Letting go and releasing any resentment towards ex partners can be difficult and with any ending of a relationship comes with it some emotional turmoil. Time helps, but eventually you have to make a conscious effort to let go. It’s hard when an ex moves on when you haven’t, and nothing can take away that pain, but is part of the process to move towards another phase of your life. Looking at it from a different perspective; that was a close miss or it’s his/her loss
It’s near impossible not to have any material needs with the modern demands of laptops, mobile phones and cars. With social media, looks and appearances have become an important part of society, however, we can become too consumed with what others think and how we should look. Trips to the mall and buying online halted as I canceled the emails alerting me to the start of designer sales. I haven’t given all my possessions away, but I haven’t bought any more. Realistically, one has to take one’s time, going from a designer handbag a month to none takes some adjusting. Now I no longer have the desire, but I still like to look through a magazine every now and then although all the magazine subscriptions have also been canceled.

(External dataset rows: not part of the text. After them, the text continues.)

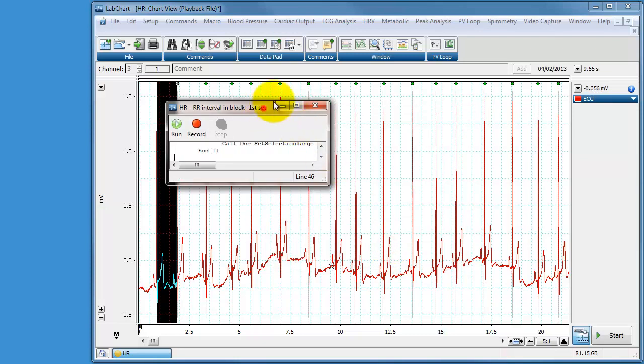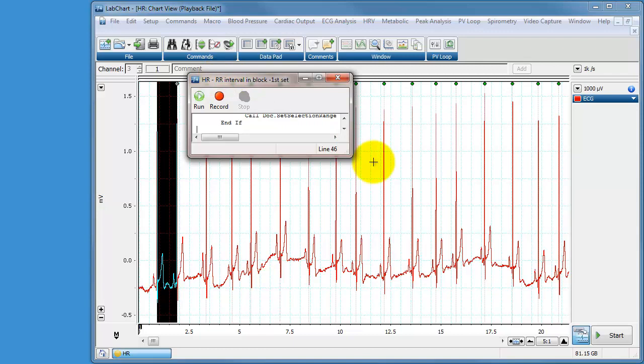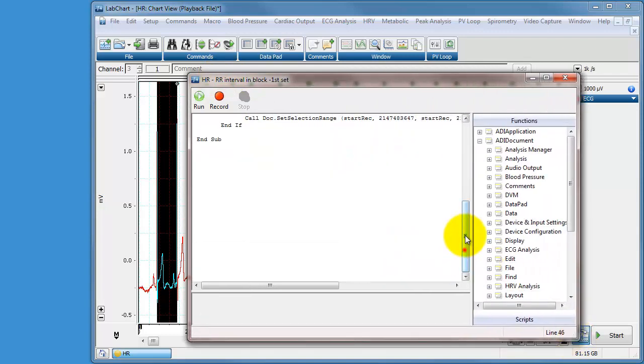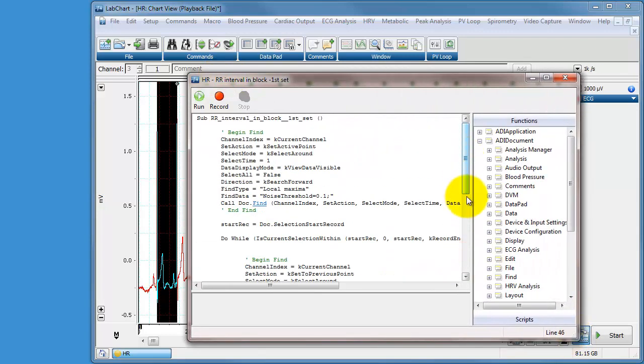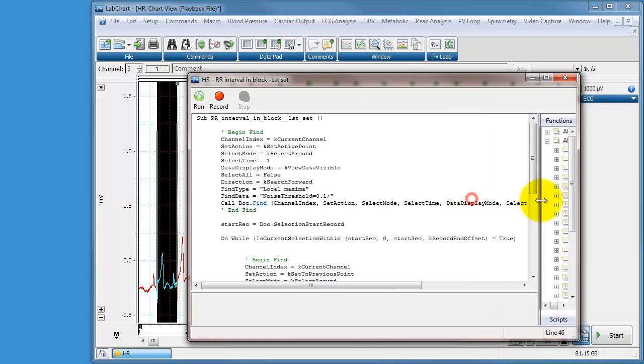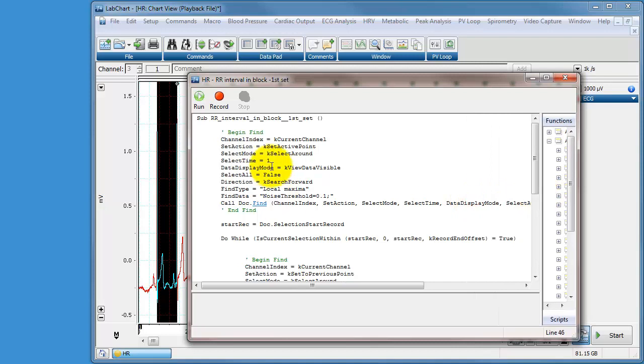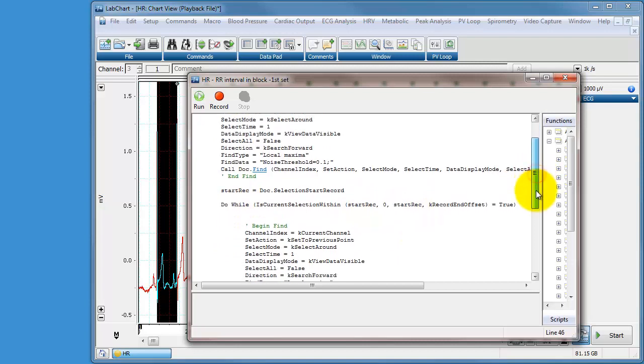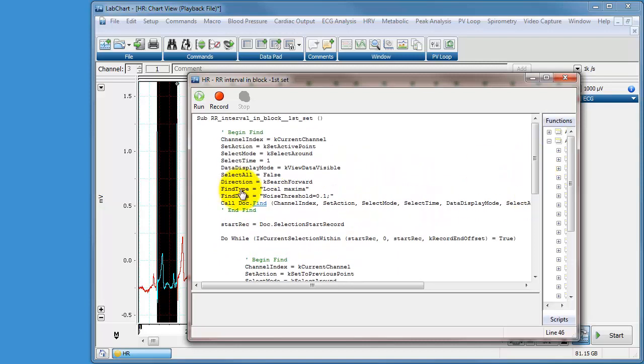It'll load up this little window here which tells us what the language is for our macro just programmed. And it's actually worth looking through this and just seeing what we've done. So what we've done is we've started off by doing a find, looking for a local maxima with a threshold of 10%. We've then found the data and we have added those to the data pad. And then we've gone, sorry we've not added those to the data pad, we've found the data.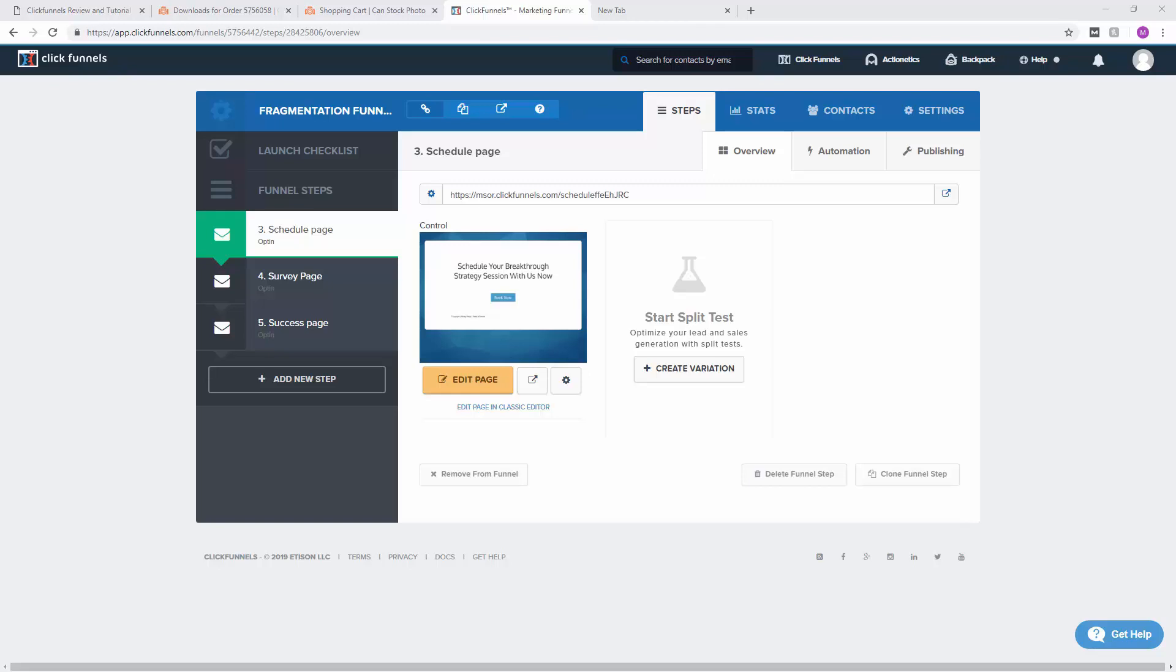Hey guys, I've seen some questions regarding having my fragmentation funnel for Sam Ovens set up and how to actually integrate this into my website. So I'm going to show you how to do it.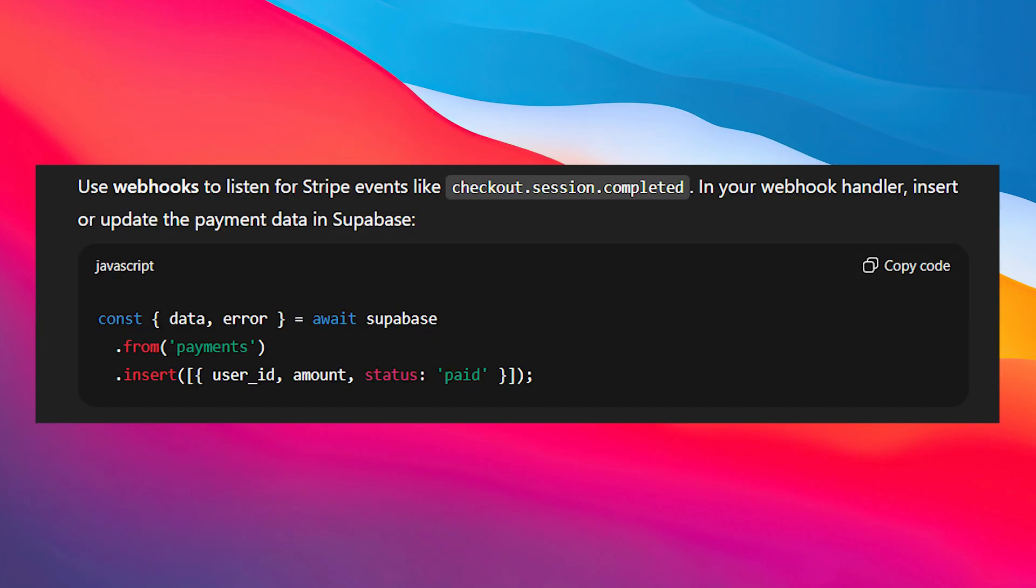Step 5 is syncing payments to Supabase. Use webhooks to listen for Stripe events like checkout.session.completed. In your webhook handler, insert or update the payment data in Supabase. Copy this code and paste it there. This will keep your database in sync with all Stripe transactions.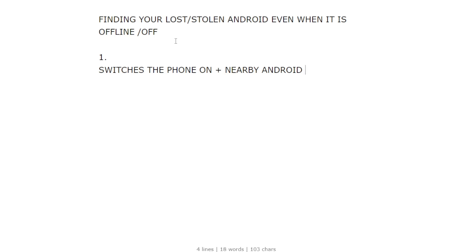This can only work if where you lost the phone or if the thief picks up your phone and switches it on, and if there's any nearby Android phone connected to the internet. Maybe this is the only way you could actually be able to locate the phone. It's a good feature, but the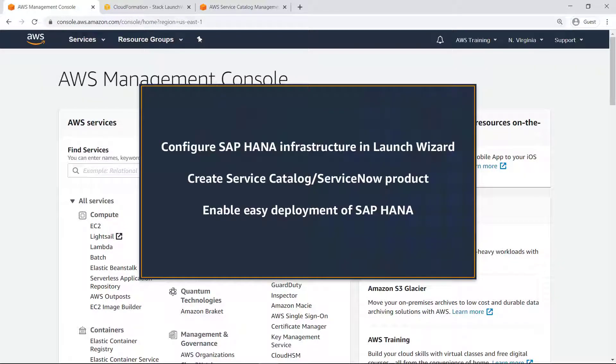In this video, you'll see how to enable SAP Admins to deploy applications supported by AWS Launch Wizard on AWS through Service Catalog and ServiceNow.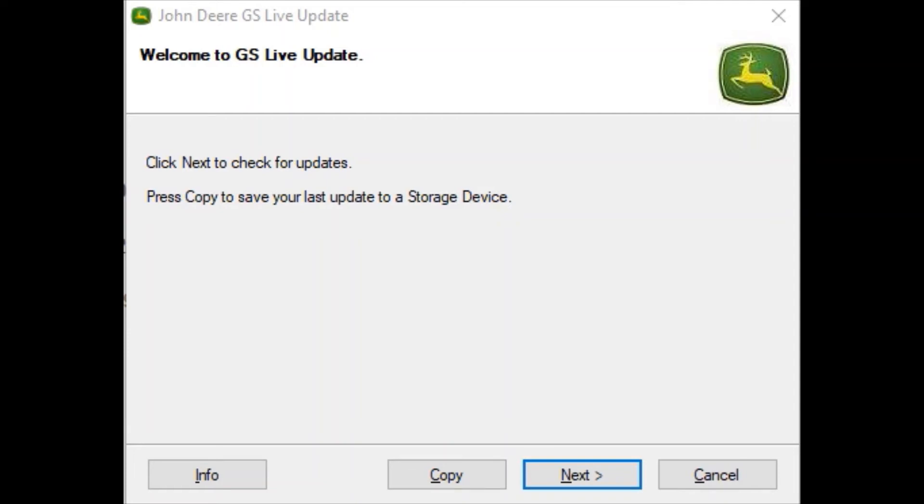You'll want to make sure that you have a clean flash drive to put the software on. Go ahead and click next to check for the latest updates.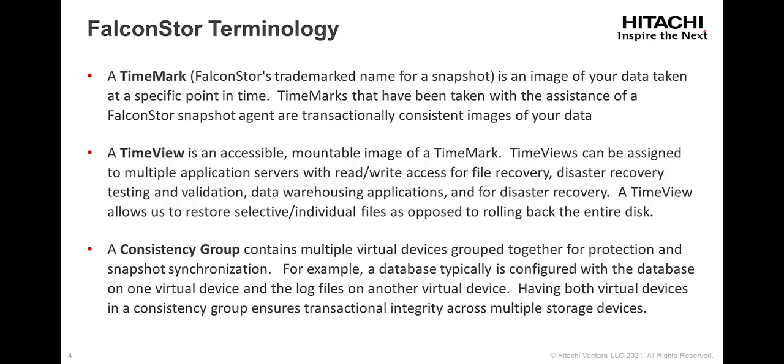A consistency group contains multiple virtual devices grouped together for protection and snapshot synchronization. For example, a database typically is configured with the database on one virtual device and the log files on another virtual device. Having both virtual devices in a consistency group ensures transactional integrity across multiple storage devices.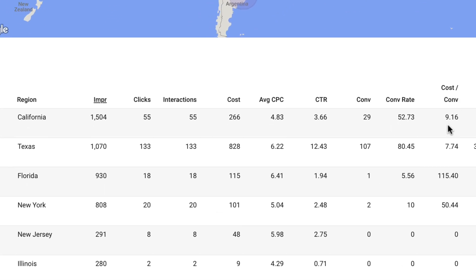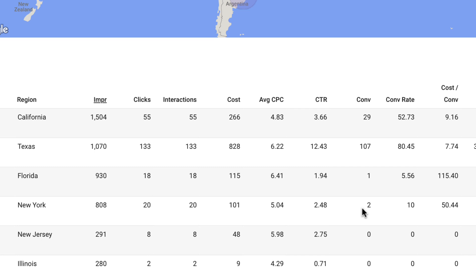So now Optimizer is fetching this data from Google, and we've shown a bunch of locations here. We see there's a column for cost per conversion, and this is kind of fascinating. We see that in California, our cost per conversion is about $9. In Texas, about $7, almost $8. But in Florida, it's $115 per conversion. Granted, this is based off of a single conversion, but still, it's a pretty high number. And then here in New York, it's $50 per conversion off of two conversions.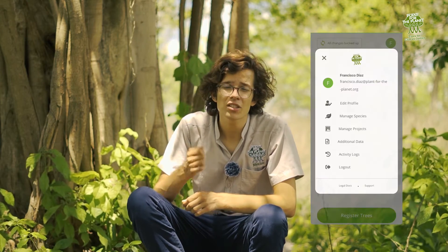Some of your team members might not know all the scientific names of the species you're planting. To make it easier to identify them in the field, you can add a photo and a locally used name to all your species.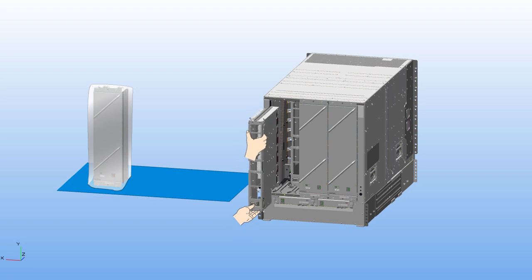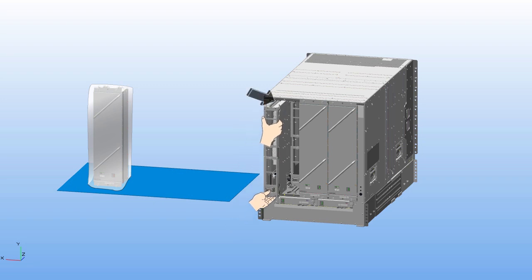Align the rails on the top of the module to the track on the top of the open slot. Align the bottom of the module so that it slides into the tracks on the bottom of the open slot.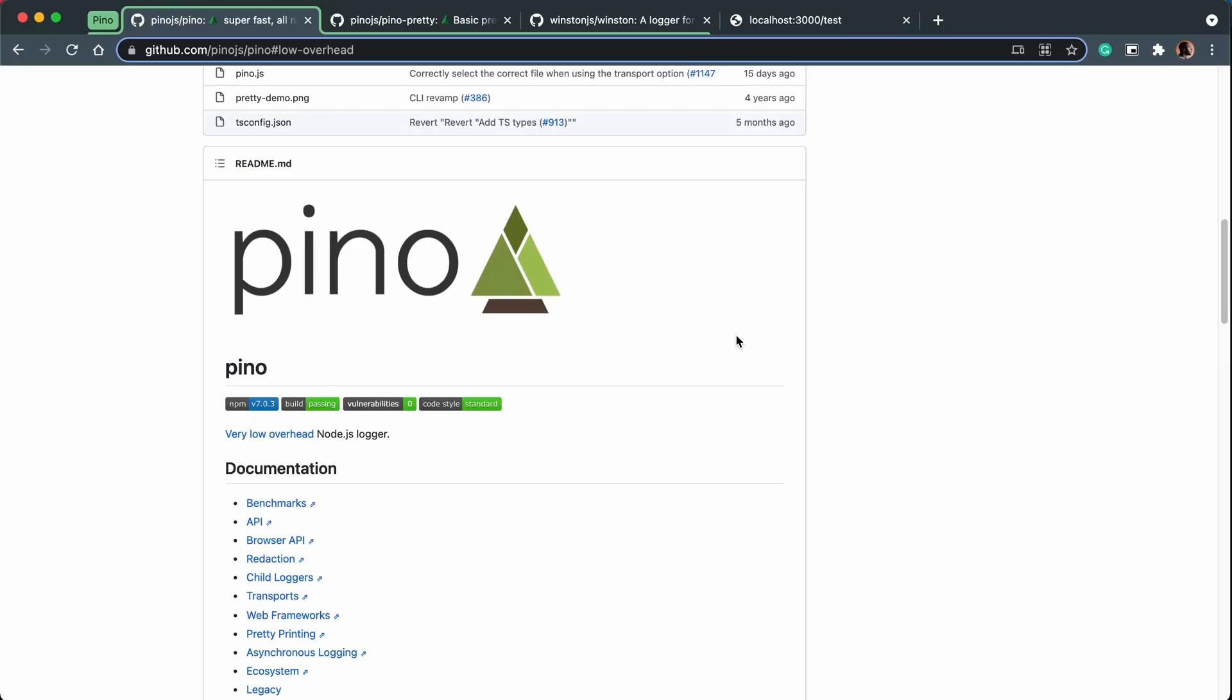Okay, so in this video, we are going to talk about Pino or PinoJS, and this is used specifically for logging in a JavaScript application.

A wise friend told me the attachments I needed to let go of were things about myself; guilt, judgment, a need for perfection and a desire to do what is right. I felt guilty that I wasn’t working hard enough or helping enough people and that I should and could do more. There are some things we cannot see because we are too close and we cling to attributes that are in fact becoming unhealthy for us. We may not think it, but sometimes these can consume us and possibly lose sight of finding a balance between what we should do and what we can let go of.
Letting go of attachments and releasing resentment is only possible if we want to and realizing what we need to let go of. There are some things I’m still not ready to let go of and am not sure if I ever will be—we can’t let go of everything because we will always want something, even if it is to be left alone.